Карен ДУРГАРЯН: «Можно и малыми средствами достичь результата»
С главным дирижером Академического оперного театра, заслуженным деятелем искусств Кареном Дургаряном легко общаться: он удивительно прост, скромен, интеллигентен, не озабочен рекламой собственного творчества, что выгодно отличает его от других служителей муз. И главное, спокойно относится к критике в свой адрес. Все это в высшей степени помогает общению с ним, хотя в особой словоохотливости обвинить его трудно. Но когда разговор входит в сферу его интересов, затрагивает близкую ему колею, он — несравненный собеседник.
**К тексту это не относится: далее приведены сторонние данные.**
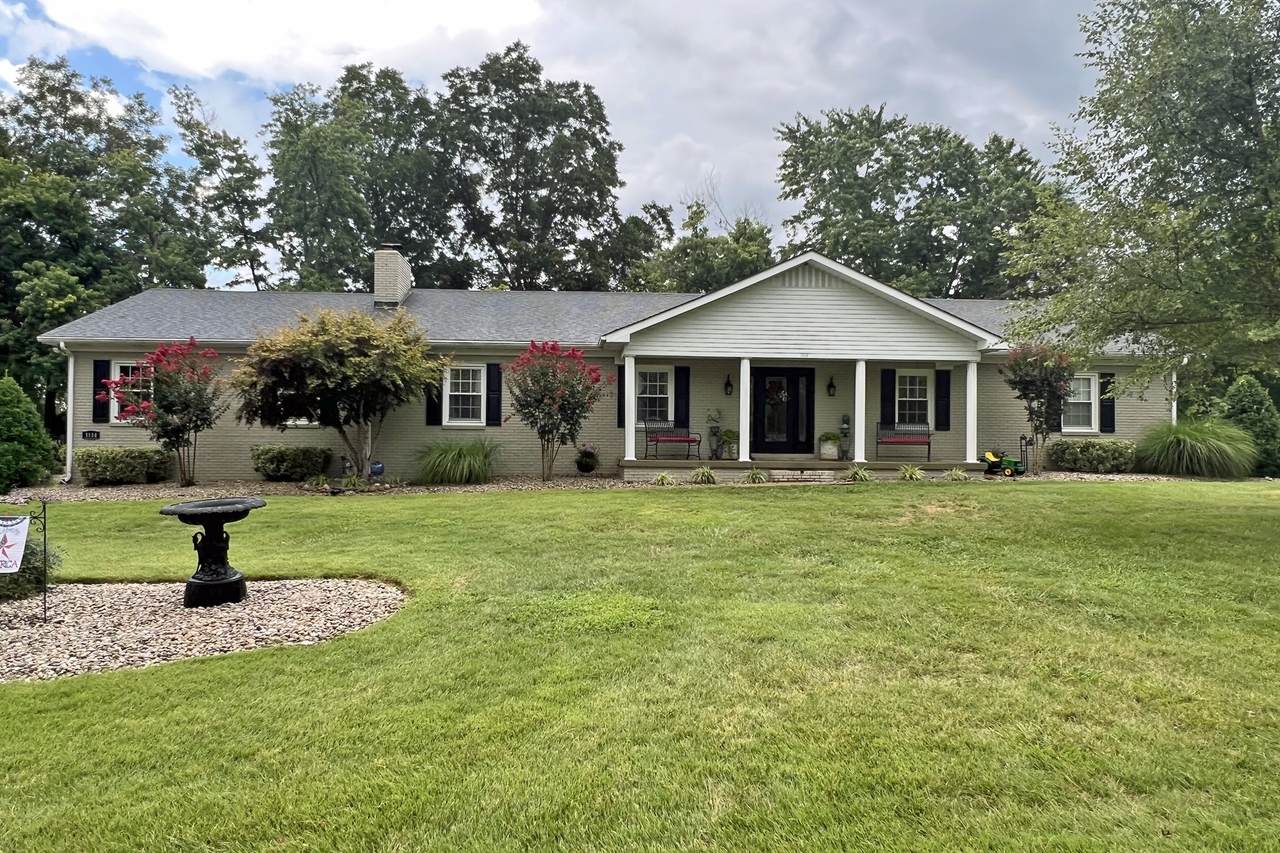 1114 Woodmont Cir - Photo 1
— Карен, у меня в памяти ваши концерты в качестве дирижера Филармонического оркестра. В чем, на ваш взгляд, отличие симфонического дирижера от оперного?
— Лично для меня особой разницы не существует. Дирижером я считаю того, кто хорошо исполняет свою работу. Хотя, конечно, в театре дирижер в ответе за все. На суд зрителей он выносит работу огромного коллектива — не только оркестра, но и хора, солистов, сценографа, режиссера. К тому же дирижер в театре, следуя замыслу автора, должен создавать идеально комфортные условия для солистов. Это в полной мере касается и балета, надо всегда быть начеку, чтобы при необходимости прийти на помощь сцене. Основная задача театрального дирижера, на мой взгляд, состоит в том, чтобы свести воедино весь исполнительский состав. На плечи дирижера ложится разработка всей музыкальной драматургии спектакля. Я не открою Америки, если скажу, что спектакль хорош только тогда, когда в нем органично соединены все компоненты — музыкальные, актерские, сценографические. Идеальный вариант, когда звучащая музыкальная ткань спектакля захватывает с первой до последней ноты. Если певцы под твердой рукой дирижера чувствуют свою сквозную задачу даже в эпизодических номерах, результат всегда будет хорошим, что, к сожалению, большая редкость. Успех зависит от многих факторов.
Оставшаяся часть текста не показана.